Running some benchmarks using ab, and tomcat starts to really slow down

I'm running some benchmarks using apache bench for a java app that is running on tomcat.

Say I run a test like:

ab -c 10 -n 10000 http://localhost:8080/hello/world

It will run just fine. If I follow it with:

ab -c 50 -n 50000 http://localhost:8080/hello/world

Again it will run fine, but if I try again it starts to slow down after maybe 3500 completed requests.

I need help in terms of trying to debug the root cause of this.

I ran top, and I have a few gigs of memory that is unused so memory doesn't seem to be the issue.

The tomcat6 process does go to 70-80 or even 107%.

It seems restarting tomcat solves the issue, but at times a server reboot is required.

This is on a default tomcat install that has 200 threads allocated to it.

Tomcat logs are empty.

Update

So I changed both tcp_tw_recycle/reuse to 1, and running netstat shows a very low count now.

Previous to changing tcp_tw_recycle/reuse, I noticed things slowing down and ran netstat and I had 32400 tcp TIME_WAIT connections.

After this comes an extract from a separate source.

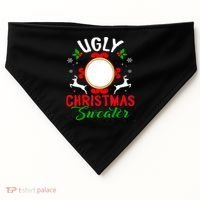 Funny Ugly Christmas Sweater With Mirror USA-Made Doggie Bandana thumb 0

So an update on running the benchmarks now, with the -k switch I'm seeing MUCH more throughput. BUT, at some point things again start to slow down, but restarting tomcat now brings things back to normal. Before, even if I restarted tomcat, response times running ab would be very very slow. Now after changing tcp_tw_recycle/reuse, restarting tomcat brings things back to normal. Running top shows tomcat at only around 20% of cpu, so it seems the problem is with tomcat now, but how can I figure out what?


Solution 1:

There may be a few things going on here. Your command above translates to 50 concurrent connections, each issuing 1000 requests. One thing to note here is that if I recall correctly apachebench does not enable keep alive by default. It may be worth adding this (pass -k to your command above). This will be more of a real world test anyway, as most user agents do use keep-alive, as does Tomcat, by default. This should help the issue if my theories below are correct.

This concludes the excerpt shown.